REQUIRED WORK> Everything from the line containing "Nike Air Jordan" to the last line of the material below must be retyped exactly, both ends included; skip the pictures.

SOURCE DATA>
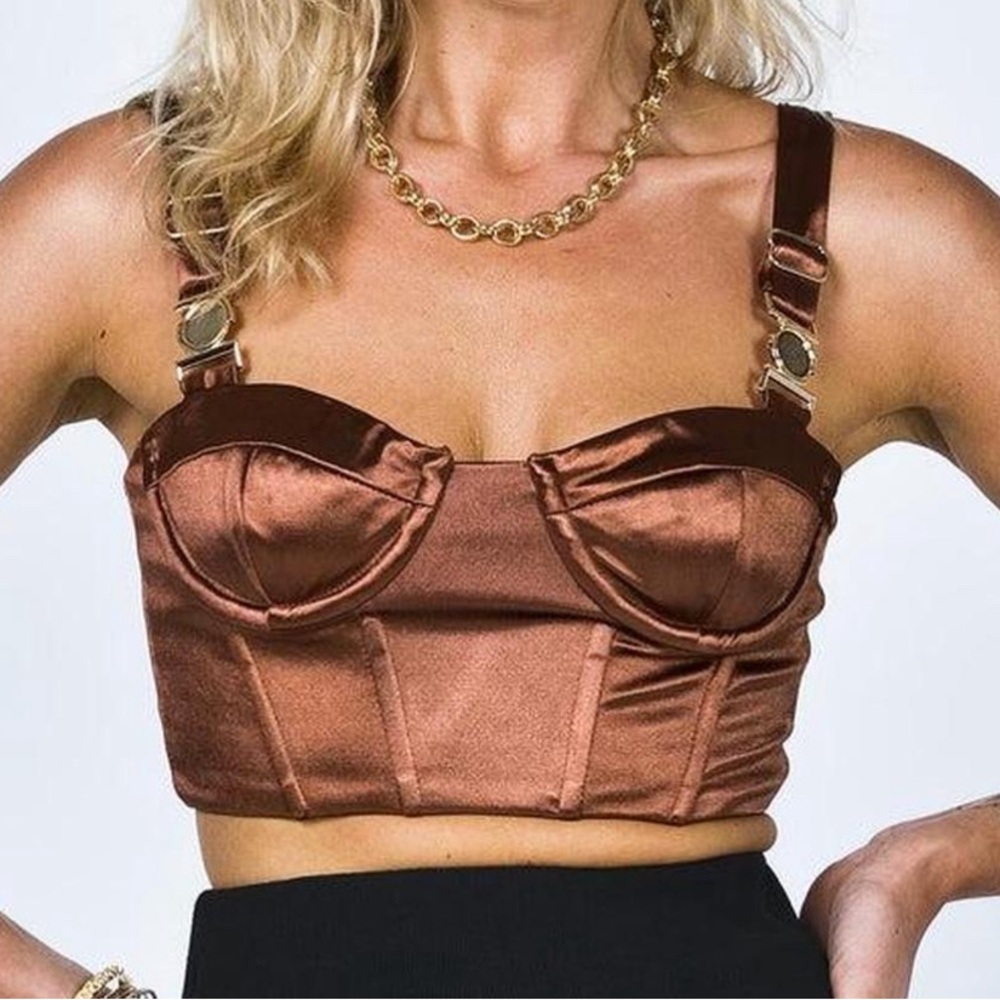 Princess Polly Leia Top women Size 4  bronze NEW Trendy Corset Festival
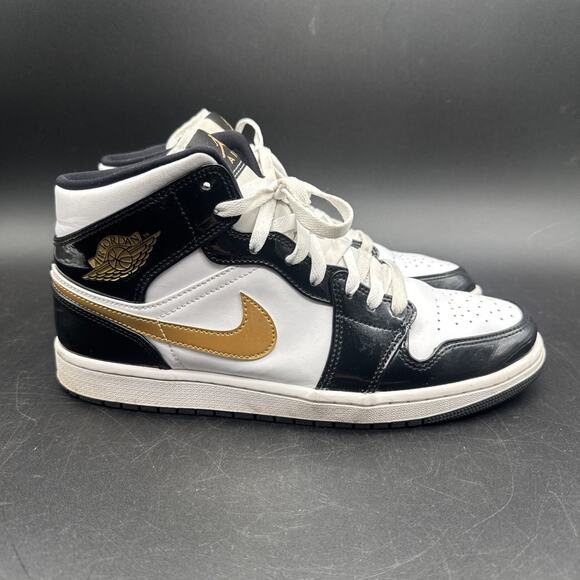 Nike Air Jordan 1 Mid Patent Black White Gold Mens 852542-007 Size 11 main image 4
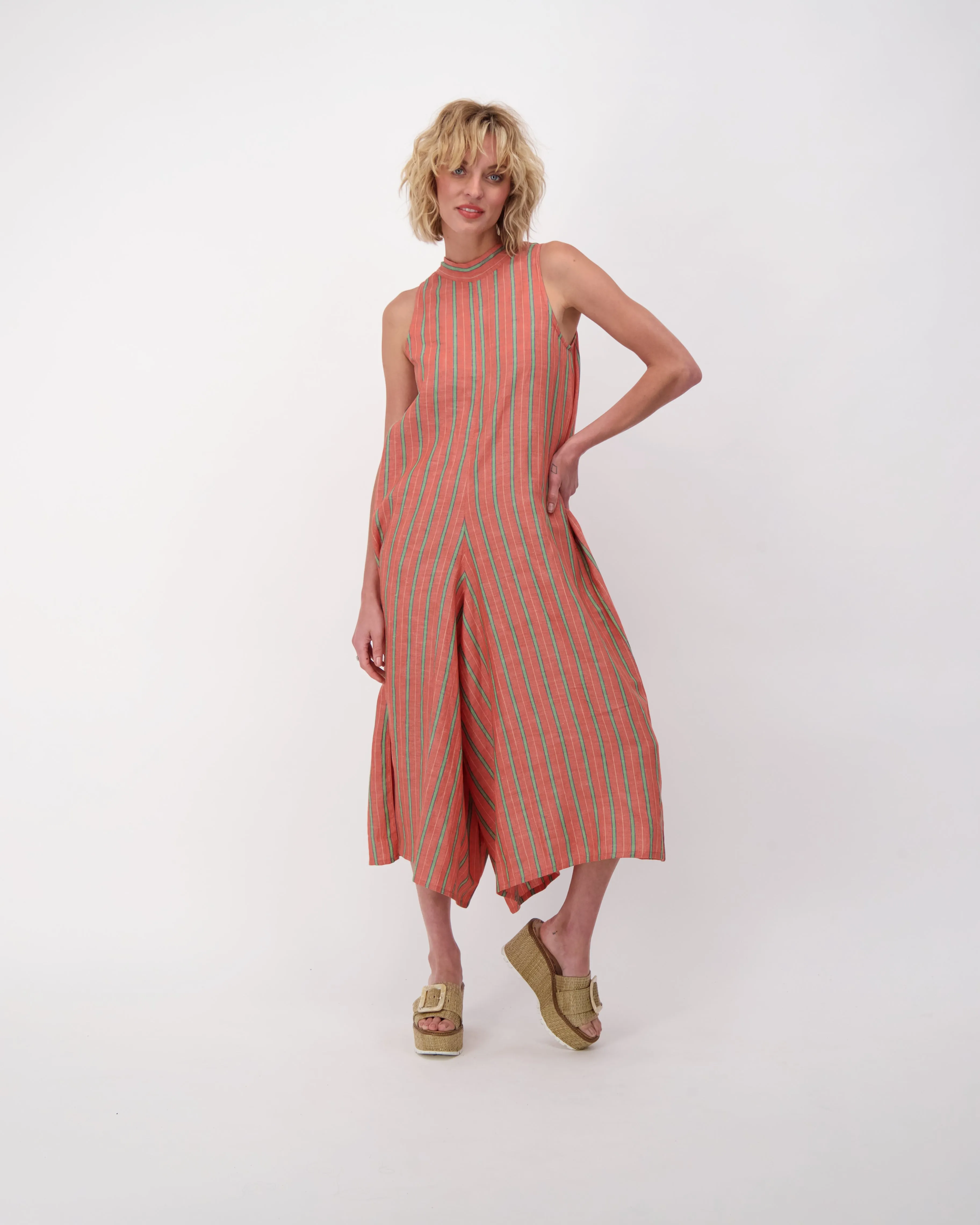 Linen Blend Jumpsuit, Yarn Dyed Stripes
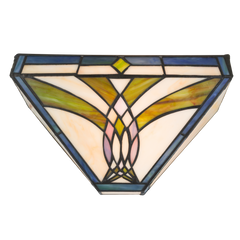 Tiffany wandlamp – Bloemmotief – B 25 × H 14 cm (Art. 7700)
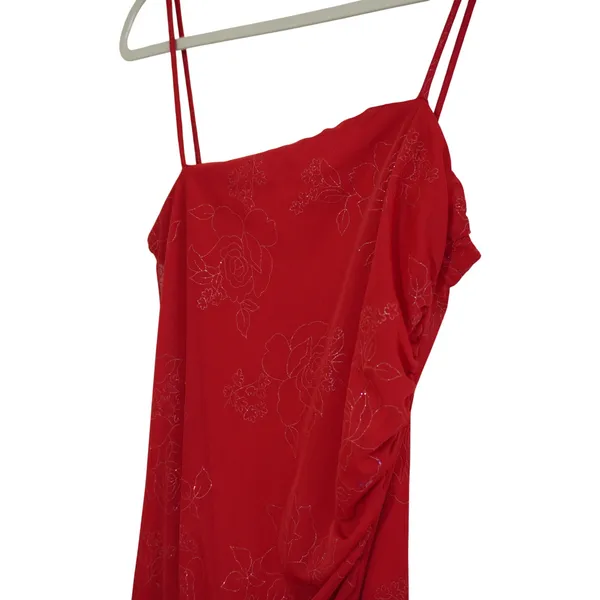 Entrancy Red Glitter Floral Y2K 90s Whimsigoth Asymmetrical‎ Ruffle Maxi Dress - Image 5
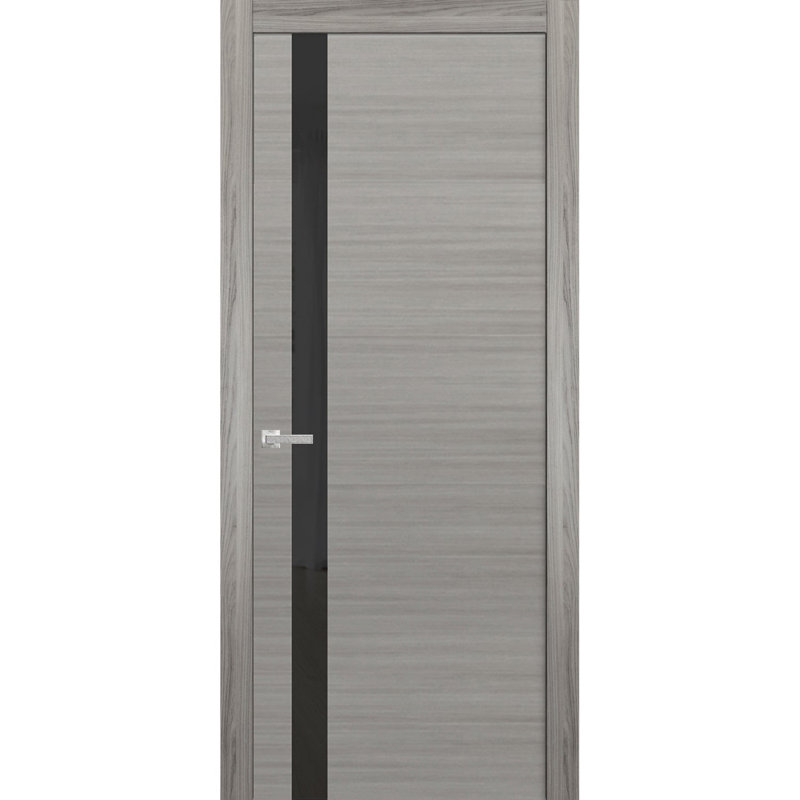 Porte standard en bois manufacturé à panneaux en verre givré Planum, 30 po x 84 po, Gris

EXERCISE RESPONSE>
 Nike Air Jordan 1 Mid Patent Black White Gold Mens 852542-007 Size 11 main image 4
 Linen Blend Jumpsuit, Yarn Dyed Stripes
 Tiffany wandlamp – Bloemmotief – B 25 × H 14 cm (Art. 7700)
 Entrancy Red Glitter Floral Y2K 90s Whimsigoth Asymmetrical‎ Ruffle Maxi Dress - Image 5
 Porte standard en bois manufacturé à panneaux en verre givré Planum, 30 po x 84 po, Gris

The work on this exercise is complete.